» Problem requirements
From the records below, please return each line that holds the word "Picture".

» Dataset
=== Begin Enclosure ===

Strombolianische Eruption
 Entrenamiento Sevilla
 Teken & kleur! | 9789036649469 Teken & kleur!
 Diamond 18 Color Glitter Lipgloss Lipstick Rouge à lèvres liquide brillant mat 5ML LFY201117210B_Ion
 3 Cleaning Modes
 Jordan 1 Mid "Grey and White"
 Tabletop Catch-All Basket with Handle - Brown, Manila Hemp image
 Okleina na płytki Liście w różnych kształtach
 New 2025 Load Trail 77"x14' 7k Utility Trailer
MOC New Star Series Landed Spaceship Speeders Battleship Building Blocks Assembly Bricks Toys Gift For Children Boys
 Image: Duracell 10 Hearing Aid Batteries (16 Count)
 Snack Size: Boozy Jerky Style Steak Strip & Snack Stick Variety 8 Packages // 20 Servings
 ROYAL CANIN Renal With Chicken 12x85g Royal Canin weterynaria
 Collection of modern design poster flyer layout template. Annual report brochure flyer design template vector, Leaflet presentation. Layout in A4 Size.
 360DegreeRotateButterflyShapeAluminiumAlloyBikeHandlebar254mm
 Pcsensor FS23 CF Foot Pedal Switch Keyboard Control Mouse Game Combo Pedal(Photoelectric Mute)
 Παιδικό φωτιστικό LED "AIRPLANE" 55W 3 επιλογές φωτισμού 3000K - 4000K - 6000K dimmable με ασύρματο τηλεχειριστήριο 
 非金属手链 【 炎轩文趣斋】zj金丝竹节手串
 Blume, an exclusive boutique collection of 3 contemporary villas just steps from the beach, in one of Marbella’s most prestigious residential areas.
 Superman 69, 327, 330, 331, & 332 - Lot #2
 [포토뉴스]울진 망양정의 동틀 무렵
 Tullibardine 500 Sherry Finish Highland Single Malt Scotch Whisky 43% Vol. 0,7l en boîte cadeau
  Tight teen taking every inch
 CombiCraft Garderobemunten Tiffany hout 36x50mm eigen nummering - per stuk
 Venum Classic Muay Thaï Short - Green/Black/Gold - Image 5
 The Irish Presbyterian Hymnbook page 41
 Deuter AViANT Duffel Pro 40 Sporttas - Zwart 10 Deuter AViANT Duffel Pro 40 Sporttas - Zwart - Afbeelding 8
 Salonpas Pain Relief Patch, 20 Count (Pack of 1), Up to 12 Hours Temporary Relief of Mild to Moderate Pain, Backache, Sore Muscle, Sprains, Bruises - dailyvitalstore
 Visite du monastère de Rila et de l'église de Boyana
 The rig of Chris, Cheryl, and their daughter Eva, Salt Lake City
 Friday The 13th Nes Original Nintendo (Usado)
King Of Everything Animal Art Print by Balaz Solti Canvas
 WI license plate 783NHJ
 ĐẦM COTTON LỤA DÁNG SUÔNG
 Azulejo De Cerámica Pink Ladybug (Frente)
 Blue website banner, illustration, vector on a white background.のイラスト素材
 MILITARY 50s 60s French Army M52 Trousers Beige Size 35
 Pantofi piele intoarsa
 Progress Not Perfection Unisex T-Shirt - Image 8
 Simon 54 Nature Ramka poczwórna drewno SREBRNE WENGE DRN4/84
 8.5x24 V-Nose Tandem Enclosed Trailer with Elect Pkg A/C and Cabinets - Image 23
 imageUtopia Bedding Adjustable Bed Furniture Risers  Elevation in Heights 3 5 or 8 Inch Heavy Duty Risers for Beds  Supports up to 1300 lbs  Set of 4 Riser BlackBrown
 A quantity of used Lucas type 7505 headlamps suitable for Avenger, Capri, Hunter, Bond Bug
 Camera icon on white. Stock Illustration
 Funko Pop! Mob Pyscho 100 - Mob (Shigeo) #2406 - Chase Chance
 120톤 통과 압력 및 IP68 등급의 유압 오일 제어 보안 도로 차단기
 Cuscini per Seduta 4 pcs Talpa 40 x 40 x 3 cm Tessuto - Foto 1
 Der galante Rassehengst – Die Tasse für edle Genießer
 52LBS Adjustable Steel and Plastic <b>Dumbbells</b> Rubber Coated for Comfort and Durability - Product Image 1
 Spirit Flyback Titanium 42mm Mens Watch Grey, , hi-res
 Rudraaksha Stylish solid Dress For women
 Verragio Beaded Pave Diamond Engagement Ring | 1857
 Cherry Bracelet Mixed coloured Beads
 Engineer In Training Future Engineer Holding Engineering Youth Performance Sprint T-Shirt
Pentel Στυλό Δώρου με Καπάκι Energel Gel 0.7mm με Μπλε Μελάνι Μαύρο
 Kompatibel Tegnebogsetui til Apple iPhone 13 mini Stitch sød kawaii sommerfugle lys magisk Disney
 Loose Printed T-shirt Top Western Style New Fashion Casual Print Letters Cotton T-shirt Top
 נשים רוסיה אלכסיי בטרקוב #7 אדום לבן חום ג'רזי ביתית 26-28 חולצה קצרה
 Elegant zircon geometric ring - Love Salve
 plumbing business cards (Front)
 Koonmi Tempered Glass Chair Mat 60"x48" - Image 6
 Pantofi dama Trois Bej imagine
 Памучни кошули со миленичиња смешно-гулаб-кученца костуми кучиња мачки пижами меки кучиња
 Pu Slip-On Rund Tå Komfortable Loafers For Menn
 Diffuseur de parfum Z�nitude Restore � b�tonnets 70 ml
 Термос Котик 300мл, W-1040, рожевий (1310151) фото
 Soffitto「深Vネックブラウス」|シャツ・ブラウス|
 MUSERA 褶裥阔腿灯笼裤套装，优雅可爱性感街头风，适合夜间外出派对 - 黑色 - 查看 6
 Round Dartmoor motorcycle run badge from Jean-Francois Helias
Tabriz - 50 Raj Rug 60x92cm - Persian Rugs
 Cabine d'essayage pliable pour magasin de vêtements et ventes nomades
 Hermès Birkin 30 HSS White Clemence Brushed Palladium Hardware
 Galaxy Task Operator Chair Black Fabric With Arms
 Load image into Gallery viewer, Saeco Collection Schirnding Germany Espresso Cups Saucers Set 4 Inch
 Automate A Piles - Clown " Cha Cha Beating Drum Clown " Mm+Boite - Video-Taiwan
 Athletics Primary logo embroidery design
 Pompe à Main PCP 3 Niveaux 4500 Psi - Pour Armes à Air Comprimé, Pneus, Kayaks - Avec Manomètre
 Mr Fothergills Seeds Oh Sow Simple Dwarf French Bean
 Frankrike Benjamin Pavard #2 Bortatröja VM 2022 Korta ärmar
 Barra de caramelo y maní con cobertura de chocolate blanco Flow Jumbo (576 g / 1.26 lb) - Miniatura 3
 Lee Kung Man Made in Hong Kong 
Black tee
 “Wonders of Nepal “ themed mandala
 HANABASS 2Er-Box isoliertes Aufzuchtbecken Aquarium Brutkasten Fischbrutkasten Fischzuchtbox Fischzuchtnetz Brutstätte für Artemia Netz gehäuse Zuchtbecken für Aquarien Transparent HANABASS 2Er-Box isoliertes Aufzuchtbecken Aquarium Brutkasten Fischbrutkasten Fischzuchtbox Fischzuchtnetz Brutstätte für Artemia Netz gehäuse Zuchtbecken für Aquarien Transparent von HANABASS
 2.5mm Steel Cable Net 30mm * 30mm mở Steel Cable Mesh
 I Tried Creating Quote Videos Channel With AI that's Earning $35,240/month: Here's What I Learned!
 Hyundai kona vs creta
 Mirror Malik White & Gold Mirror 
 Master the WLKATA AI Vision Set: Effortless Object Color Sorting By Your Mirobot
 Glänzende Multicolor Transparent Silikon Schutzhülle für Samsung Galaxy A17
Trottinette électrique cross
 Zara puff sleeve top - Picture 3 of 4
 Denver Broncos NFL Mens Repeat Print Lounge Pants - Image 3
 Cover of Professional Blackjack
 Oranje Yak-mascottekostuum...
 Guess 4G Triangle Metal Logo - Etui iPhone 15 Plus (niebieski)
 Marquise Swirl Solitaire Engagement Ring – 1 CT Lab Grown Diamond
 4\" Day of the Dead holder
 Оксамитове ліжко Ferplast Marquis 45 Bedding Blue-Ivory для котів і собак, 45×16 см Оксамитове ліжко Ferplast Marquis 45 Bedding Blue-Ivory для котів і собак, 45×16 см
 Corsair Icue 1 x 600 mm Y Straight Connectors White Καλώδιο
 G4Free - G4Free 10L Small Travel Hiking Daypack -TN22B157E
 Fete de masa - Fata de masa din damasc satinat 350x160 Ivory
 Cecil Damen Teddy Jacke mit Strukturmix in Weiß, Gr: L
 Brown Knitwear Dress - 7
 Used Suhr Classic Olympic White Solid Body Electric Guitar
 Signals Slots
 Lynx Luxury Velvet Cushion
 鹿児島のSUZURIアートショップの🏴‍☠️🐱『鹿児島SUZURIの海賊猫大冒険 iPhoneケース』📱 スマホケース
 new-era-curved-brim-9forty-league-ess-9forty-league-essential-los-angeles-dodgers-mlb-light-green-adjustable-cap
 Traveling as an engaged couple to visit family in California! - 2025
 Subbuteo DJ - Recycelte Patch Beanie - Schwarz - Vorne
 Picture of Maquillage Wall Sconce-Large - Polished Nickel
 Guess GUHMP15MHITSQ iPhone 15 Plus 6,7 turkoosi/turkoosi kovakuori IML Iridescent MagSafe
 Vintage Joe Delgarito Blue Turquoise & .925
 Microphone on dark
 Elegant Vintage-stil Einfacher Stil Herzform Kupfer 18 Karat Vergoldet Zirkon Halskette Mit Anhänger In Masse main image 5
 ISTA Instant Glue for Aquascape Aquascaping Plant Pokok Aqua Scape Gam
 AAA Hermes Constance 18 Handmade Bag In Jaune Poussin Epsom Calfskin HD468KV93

=== End Enclosure ===

» Exercise answer
 Zara puff sleeve top - Picture 3 of 4
 Picture of Maquillage Wall Sconce-Large - Polished Nickel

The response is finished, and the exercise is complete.